First Edition: June 14, 2018
Today's early morning highlights from the major news organizations.
Kaiser Health News:
5 Things To Know About Medicaid Work Requirements
The Trump administration’s decision in January to give states the power to impose work requirements on Medicaid enrollees faces a federal court hearing Friday. The lawsuit before the U.S. District Court in Washington, D.C., will determine whether tens of thousands of low-income adults in Kentucky will have to find jobs or volunteer in order to retain their health coverage. (Galewitz, 6/14)
Kaiser Health News:
Puerto Rico’s Water System Stutters Back To Normal
Carmen Rodríguez Santiago counts herself lucky to have any water service at home. But eight months after Hurricane Maria, the 52-year-old security guard said the faucets in her cream-and-pink-colored house still run dry every two to three days, and the water, when it returns, is flecked with sediment. Puerto Rican officials claim that water service on the U.S. island has been restored to more than 96 percent of customers as of June 6, but the report of progress masks underlying problems. Outside of cities, service has been slower to be reconnect. Flow is often intermittent and the water quality is uncertain. (Heredia Rodriguez, 6/14)
Kaiser Health News:
That ‘Living Will’ You Signed? At The ER, It Could Be Open To Interpretation.

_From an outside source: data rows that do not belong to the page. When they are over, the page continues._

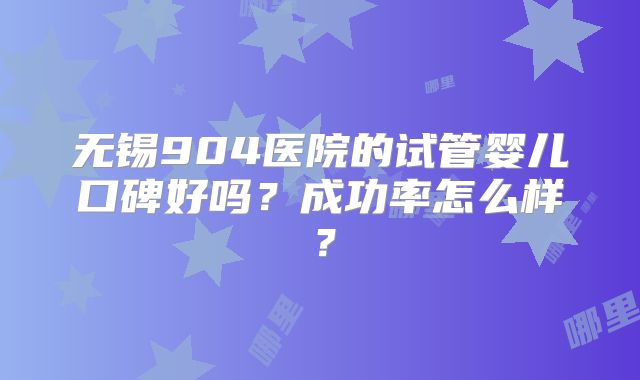 无锡904医院的试管婴儿口碑好吗？成功率怎么样？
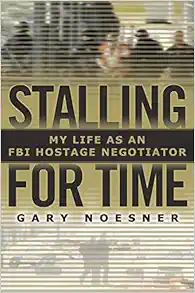 Stalling for Time: My Life as an FBI Hostage Negotiator book cover
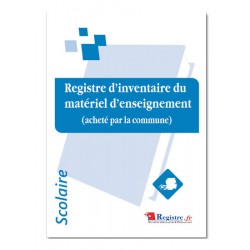 REGISTRE D'INVENTAIRE DU MATERIEL D'ENSEIGNEMENT (A075)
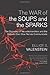The War of the Soups and the Sparks: The Discovery of Neurotransmitters and the Dispute Over How Nerves Communicate by Elliot S. Valenstein (2005-07-15)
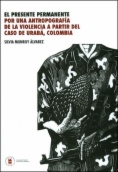 El presente permanente : Por una antropografía de la violencia a partir del caso de Urabá, Colombia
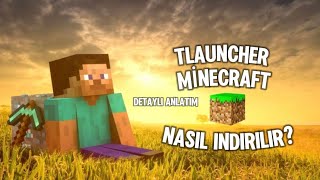 TLAUNCHER MİNECRAFT NASIL İNDİRİLİR DETAYLI ANLATIM [upl. by Airt]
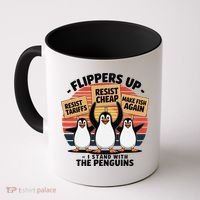 Flippers Up I Stand With Penguins Against Tariffs USA Coffee Mug thumb 0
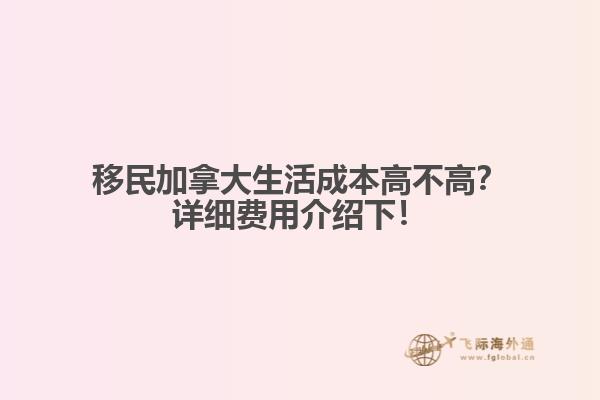 移民加拿大生活成本高不高？詳細費用介紹下！1.jpg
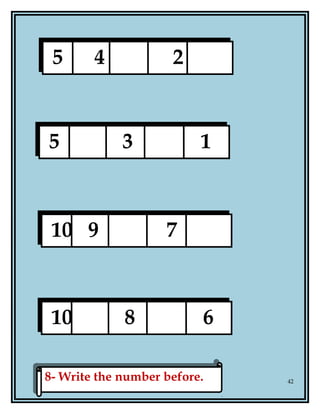 42
8- Write the number before.8- Write the number before.
5 4 2
5 3 1
10 9 7
10 8 6
 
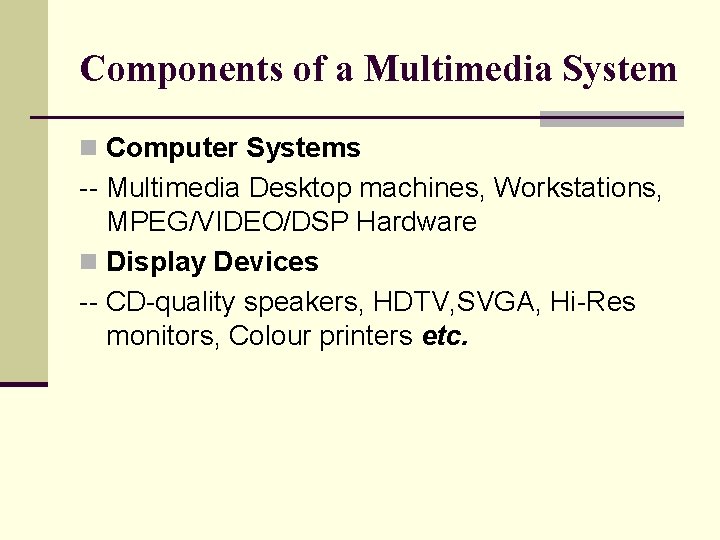 Components of a Multimedia System n Computer Systems -- Multimedia Desktop machines, Workstations, MPEG/VIDEO/DSP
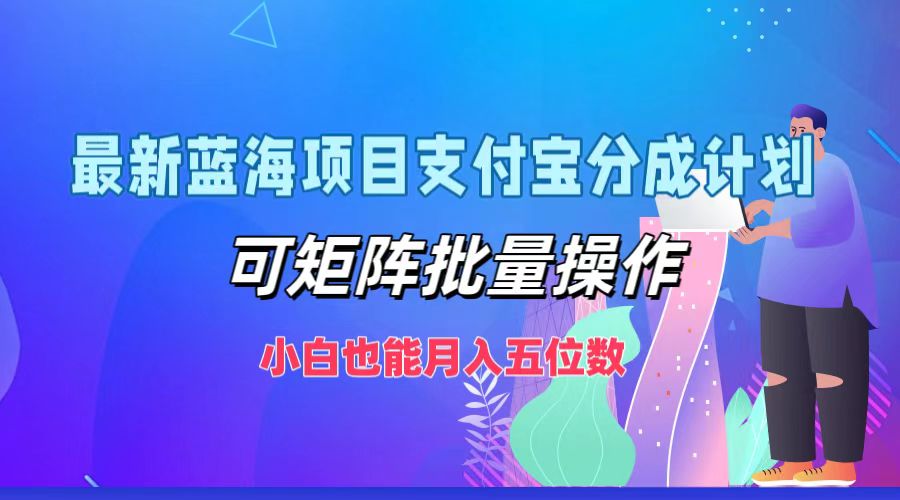 最新蓝海项目支付宝分成计划，小白也能月入五位数，可矩阵批量操作-吉祥副业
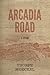 Arcadia Road: A Trilogy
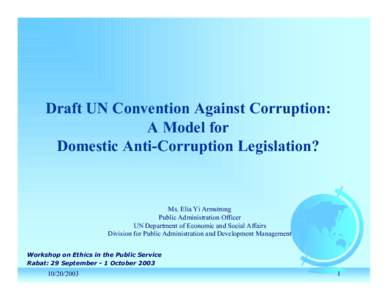 Draft UN Convention Against Corruption: A Model for Domestic Anti-Corruption Legislation? Ms. Elia Yi Armstrong Public Administration Officer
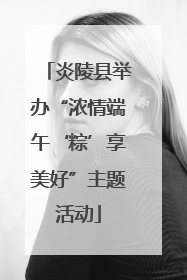 炎陵县举办“浓情端午‘粽’享美好”主题活动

“Don’t resuscitate this patient; he has a living will,” the nurse told Dr. Monica Williams-Murphy, handing her a document. Williams-Murphy looked at the sheet bearing the signature of the unconscious 78-year-old man, who’d been rushed from a nursing home to the emergency room. “Do everything possible,” it read, with a check approving cardiopulmonary resuscitation. (Graham, 6/14)
The Associated Press:
Worker Protections Seen At Risk In Trump Health Care Shift
The Trump administration's latest move against "Obamacare" could jeopardize legal protections on pre-existing medical conditions for millions of people with employer coverage, particularly workers in small businesses, say law and insurance experts. At issue is Attorney General Jeff Sessions' recent decision that the Justice Department will no longer defend key parts of the Obama-era Affordable Care Act in court. That includes the law's unpopular requirement to carry health insurance, but also widely supported provisions that protect people with pre-existing medical conditions and limit what insurers can charge older, sicker customers. (Alonso-Zaldivar, 6/13)
The Wall Street Journal:
Get Health Coverage At Work? Lawsuit Against ACA Could Affect You, Too
Most of the attention surrounding a recent Justice Department request to strike down parts of the ACA has focused on the individual market, where people buy their own coverage. But the request would also rewind some protections for the vast majority of Americans—some 175 million people—who get health coverage via small and large employers, analysts said. “Anyone who just thinks this is just impacting the 12 to 15 million individuals with individual coverage is wrong,” said Timothy Jost, an emeritus law professor at Washington and Lee University. (Armour, 6/13)
The Associated Press:
Experts: Protections On Pre-Existing Conditions At Risk
The Trump administration's latest move against "Obamacare" could jeopardize legal protections on pre-existing medical conditions for millions of people with employer coverage, particularly workers in small businesses, say law and insurance experts. At issue is Attorney General Jeff Sessions' recent decision that the Justice Department will no longer defend key parts of the Obama-era Affordable Care Act in court. That includes the law's unpopular requirement to carry health insurance, but also widely supported provisions that protect people with pre-existing medical conditions and limit what insurers can charge older, sicker customers. (6/14)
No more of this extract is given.